• _Data for analysis_:
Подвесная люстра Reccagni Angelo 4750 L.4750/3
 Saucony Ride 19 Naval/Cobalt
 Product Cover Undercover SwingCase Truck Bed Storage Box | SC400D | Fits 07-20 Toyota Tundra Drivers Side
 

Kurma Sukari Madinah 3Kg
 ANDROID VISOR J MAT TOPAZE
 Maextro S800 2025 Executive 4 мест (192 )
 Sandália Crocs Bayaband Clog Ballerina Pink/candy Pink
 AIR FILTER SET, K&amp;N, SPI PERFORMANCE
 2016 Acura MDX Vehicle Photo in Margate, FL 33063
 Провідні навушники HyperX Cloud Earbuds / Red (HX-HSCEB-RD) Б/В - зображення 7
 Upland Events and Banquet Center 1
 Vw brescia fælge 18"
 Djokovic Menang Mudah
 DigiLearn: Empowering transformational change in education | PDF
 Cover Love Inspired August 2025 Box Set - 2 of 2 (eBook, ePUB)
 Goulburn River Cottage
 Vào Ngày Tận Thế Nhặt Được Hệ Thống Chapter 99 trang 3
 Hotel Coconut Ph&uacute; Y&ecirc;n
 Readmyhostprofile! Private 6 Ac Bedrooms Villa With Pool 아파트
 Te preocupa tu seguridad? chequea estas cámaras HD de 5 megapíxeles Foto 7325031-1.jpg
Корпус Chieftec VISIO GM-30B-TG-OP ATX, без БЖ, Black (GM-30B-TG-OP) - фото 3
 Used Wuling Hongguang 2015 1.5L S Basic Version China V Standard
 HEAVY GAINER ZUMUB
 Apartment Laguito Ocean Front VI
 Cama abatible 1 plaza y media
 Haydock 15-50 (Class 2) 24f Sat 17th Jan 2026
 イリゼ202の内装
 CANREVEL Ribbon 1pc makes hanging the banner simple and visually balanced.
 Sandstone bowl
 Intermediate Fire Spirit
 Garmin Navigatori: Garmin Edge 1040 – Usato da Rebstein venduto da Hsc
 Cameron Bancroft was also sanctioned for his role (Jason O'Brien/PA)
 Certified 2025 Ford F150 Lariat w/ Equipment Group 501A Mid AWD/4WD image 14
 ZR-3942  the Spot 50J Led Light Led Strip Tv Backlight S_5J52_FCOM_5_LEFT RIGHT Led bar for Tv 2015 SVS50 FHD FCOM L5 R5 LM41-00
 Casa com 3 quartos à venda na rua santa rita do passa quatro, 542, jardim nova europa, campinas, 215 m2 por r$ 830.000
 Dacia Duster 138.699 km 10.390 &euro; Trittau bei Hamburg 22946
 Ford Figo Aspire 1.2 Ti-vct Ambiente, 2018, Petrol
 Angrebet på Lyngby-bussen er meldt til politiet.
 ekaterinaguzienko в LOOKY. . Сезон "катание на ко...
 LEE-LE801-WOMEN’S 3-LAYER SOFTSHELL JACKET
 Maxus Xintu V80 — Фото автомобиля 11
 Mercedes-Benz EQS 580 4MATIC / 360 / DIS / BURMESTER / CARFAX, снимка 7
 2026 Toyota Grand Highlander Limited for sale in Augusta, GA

• _Task goal_: Only lines containing the string "Toyota" are needed. Pull each of them out of the records above.

• _The completed task_:
 Product Cover Undercover SwingCase Truck Bed Storage Box | SC400D | Fits 07-20 Toyota Tundra Drivers Side
 2026 Toyota Grand Highlander Limited for sale in Augusta, GA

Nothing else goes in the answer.